Once we have a flow map that enables fast sampling, we could also just use it to draw many samples in parallel and filter them (SMC-style, but without look-ahead). This works remarkably well for some types of rewards, but for others, gradient-based steering provides superior results50.

Although flow maps produce clean samples, they inevitably result in biased reward estimates when used for look-ahead. This is because an entire distribution of possible outcomes of the sampling process is represented by a single sample. It is not possible to draw multiple samples and average the reward across them, because flow maps are deterministic by design. Two workarounds have been explored for this:

Variational Flow Maps53 (VFM) use a ‘noise adapter’ trained based on a reward signal, to constrain the initial noise distribution used to sample from the flow map.
Meta Flow Maps54 and Diamond Maps55 are stochastic flow maps, which are able to model the full posterior distribution from a given noisy intermediate state, while still enabling differentiable one-step sampling.

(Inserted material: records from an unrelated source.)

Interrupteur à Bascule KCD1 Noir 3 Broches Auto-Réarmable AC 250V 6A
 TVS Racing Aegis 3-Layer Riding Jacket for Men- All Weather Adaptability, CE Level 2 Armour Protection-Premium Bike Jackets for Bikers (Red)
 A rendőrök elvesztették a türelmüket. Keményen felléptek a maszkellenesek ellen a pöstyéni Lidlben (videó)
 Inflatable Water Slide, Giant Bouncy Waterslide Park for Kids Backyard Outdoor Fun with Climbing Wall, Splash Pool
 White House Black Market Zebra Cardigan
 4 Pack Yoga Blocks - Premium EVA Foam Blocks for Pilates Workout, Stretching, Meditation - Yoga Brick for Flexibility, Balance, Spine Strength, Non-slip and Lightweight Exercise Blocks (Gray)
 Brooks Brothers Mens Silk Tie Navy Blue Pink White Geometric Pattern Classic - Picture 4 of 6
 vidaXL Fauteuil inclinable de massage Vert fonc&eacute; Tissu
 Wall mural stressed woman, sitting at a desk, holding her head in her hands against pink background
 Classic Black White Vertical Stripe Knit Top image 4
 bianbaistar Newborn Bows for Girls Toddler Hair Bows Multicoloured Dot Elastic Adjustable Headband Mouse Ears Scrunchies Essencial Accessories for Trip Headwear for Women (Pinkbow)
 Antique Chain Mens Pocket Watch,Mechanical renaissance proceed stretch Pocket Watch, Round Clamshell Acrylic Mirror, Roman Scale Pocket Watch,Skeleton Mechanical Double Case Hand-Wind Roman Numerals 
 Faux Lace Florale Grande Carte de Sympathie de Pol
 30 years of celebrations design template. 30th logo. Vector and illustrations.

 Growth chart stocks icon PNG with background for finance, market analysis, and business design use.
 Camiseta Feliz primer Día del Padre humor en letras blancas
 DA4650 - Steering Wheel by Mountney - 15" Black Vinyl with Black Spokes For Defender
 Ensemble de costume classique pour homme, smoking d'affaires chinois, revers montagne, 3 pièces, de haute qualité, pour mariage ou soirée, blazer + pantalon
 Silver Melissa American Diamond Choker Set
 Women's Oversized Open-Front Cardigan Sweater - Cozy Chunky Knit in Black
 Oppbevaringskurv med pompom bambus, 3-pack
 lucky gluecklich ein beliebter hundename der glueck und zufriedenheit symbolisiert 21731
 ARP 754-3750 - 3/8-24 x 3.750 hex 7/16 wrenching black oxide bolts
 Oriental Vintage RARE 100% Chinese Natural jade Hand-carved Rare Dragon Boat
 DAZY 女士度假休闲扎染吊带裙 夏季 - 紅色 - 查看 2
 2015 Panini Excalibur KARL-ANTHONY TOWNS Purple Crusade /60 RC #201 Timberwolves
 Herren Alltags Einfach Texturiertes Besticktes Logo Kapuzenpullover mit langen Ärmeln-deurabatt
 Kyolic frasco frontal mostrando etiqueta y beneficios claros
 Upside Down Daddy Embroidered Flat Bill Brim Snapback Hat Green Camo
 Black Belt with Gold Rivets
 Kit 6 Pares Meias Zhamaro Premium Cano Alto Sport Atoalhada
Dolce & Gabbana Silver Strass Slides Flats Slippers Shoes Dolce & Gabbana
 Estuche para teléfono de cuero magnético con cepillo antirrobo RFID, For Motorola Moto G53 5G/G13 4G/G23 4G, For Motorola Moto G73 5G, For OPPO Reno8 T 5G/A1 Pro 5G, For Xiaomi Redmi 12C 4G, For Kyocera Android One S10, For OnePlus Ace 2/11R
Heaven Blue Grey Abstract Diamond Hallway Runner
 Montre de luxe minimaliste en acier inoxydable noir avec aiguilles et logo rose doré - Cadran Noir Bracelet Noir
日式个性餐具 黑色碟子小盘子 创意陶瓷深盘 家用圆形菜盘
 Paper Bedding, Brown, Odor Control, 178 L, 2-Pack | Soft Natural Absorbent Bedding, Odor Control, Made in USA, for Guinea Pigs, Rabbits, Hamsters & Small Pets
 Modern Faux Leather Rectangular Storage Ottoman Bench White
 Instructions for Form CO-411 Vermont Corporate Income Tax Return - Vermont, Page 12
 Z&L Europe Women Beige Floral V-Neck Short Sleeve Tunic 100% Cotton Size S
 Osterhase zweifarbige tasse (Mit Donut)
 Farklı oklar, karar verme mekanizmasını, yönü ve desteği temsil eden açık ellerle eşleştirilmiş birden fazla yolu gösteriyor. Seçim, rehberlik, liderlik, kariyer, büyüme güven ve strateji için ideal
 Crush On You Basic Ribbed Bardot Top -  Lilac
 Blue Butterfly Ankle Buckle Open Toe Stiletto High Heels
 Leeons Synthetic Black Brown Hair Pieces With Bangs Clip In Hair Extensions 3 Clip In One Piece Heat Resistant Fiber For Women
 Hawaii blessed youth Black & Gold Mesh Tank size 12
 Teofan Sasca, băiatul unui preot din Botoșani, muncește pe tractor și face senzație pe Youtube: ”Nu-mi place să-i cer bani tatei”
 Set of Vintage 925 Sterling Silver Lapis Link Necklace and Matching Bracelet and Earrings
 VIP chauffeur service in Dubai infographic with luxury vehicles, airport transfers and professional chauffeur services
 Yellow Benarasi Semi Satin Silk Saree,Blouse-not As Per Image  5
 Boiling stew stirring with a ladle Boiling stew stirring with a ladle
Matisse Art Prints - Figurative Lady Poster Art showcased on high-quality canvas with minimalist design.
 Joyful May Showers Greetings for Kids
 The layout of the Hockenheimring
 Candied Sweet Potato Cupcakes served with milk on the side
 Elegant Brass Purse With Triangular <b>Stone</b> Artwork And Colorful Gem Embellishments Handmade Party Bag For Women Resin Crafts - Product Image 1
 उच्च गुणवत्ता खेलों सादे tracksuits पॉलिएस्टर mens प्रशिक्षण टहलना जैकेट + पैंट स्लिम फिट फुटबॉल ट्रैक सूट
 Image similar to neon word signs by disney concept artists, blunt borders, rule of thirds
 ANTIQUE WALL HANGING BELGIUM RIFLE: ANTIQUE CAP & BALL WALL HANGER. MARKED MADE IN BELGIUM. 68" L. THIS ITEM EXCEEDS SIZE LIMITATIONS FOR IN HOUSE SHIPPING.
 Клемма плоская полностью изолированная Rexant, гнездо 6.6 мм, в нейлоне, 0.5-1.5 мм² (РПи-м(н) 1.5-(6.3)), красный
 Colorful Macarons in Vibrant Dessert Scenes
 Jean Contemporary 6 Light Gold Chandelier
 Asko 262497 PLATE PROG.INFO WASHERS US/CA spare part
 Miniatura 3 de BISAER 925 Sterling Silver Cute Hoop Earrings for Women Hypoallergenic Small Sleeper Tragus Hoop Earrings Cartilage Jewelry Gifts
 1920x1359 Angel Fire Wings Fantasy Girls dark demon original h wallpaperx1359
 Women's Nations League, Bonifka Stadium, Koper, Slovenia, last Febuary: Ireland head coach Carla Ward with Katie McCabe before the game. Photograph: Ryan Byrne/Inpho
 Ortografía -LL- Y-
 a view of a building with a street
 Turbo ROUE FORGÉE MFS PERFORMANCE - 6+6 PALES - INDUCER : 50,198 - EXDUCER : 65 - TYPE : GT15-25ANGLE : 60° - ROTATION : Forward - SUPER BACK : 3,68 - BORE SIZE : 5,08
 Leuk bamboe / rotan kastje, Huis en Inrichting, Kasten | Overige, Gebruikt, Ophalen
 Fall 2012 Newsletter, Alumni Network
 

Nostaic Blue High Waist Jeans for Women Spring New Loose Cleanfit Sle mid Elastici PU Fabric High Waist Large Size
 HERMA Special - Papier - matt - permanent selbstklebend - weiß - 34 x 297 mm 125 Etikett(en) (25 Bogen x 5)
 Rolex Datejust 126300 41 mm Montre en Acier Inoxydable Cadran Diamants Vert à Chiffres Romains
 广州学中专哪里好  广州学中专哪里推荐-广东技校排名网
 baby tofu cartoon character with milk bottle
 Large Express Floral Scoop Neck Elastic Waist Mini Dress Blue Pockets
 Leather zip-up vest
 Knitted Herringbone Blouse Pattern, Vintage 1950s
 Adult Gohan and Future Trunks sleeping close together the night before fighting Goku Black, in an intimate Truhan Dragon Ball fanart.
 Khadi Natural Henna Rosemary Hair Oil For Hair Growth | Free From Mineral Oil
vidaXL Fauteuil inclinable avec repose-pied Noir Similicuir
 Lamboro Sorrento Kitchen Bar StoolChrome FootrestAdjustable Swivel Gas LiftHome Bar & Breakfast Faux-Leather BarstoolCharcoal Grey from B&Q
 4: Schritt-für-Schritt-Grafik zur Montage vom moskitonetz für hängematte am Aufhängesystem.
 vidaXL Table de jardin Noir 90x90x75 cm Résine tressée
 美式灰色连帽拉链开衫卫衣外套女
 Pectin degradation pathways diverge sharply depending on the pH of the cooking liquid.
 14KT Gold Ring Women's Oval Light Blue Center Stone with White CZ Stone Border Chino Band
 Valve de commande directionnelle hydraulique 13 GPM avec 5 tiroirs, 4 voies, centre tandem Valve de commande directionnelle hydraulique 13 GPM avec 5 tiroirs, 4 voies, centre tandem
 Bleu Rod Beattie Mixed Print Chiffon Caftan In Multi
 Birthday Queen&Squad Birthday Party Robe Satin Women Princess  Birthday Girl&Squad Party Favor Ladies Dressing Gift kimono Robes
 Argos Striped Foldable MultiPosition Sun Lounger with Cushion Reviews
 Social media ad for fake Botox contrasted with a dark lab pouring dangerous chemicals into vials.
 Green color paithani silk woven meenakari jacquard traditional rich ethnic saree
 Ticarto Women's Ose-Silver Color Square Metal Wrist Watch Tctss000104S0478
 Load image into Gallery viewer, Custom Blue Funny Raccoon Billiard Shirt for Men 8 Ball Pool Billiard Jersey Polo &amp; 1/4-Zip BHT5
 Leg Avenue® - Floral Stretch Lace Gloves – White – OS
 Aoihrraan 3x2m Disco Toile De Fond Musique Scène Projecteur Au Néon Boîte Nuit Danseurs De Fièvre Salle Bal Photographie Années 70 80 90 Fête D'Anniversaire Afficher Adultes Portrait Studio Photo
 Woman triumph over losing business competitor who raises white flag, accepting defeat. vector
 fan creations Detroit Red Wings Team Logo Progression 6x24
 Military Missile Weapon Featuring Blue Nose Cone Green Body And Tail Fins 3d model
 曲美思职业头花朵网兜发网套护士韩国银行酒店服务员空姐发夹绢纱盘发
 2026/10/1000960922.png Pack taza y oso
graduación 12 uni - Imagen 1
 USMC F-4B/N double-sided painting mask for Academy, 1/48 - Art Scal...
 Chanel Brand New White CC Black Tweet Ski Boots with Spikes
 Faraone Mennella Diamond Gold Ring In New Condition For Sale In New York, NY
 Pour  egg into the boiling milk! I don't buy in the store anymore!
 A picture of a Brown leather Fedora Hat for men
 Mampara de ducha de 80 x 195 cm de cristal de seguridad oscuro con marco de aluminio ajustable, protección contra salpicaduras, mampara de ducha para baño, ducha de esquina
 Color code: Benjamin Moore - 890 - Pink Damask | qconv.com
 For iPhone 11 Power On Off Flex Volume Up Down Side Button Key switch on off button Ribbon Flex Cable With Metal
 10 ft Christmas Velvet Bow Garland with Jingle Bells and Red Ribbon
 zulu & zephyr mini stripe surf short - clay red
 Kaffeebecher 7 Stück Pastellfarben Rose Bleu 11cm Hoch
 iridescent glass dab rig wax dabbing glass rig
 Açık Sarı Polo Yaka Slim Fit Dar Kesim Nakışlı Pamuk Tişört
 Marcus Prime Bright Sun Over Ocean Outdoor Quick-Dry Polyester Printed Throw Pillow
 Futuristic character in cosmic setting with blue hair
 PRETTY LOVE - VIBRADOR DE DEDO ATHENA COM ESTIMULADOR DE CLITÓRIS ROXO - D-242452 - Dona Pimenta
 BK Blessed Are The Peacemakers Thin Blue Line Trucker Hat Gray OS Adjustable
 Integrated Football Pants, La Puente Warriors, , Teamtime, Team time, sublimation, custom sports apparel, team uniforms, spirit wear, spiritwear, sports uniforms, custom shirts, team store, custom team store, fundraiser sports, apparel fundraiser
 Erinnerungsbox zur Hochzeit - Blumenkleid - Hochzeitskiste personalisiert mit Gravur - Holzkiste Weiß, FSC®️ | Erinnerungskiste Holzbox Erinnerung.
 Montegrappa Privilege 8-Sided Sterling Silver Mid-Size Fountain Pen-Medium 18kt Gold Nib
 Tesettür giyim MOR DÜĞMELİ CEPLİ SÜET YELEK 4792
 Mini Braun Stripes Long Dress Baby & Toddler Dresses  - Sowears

Aside from improved steering at inference time, these tweaks also enable reward-based post-training use cases, where being able to explore the reward landscape without mode collapse is important.

Discrete data

Some three years ago, I wrote about diffusion language models on this blog, pointing out that there are two main strategies to apply diffusion to categorical data: using a discrete corruption process (e.g. masking), or embedding discrete data in a continuous space, and using continuous diffusion instead. The emphasis in the research community has been on the former for the past few years, but recently, the latter approach is making a comeback.

Flow maps are playing a key role in this: as diffusion language models are gaining traction, people have been studying distillation methods extensively. It turns out that distilling discrete diffusion models down to very few steps hits a roadblock: independence assumptions between tokens in the sequence are unavoidable, and significantly deteriorate sample quality. Continuous methods do not have this issue, so there has been renewed interest as they are seen as more ‘distillable’.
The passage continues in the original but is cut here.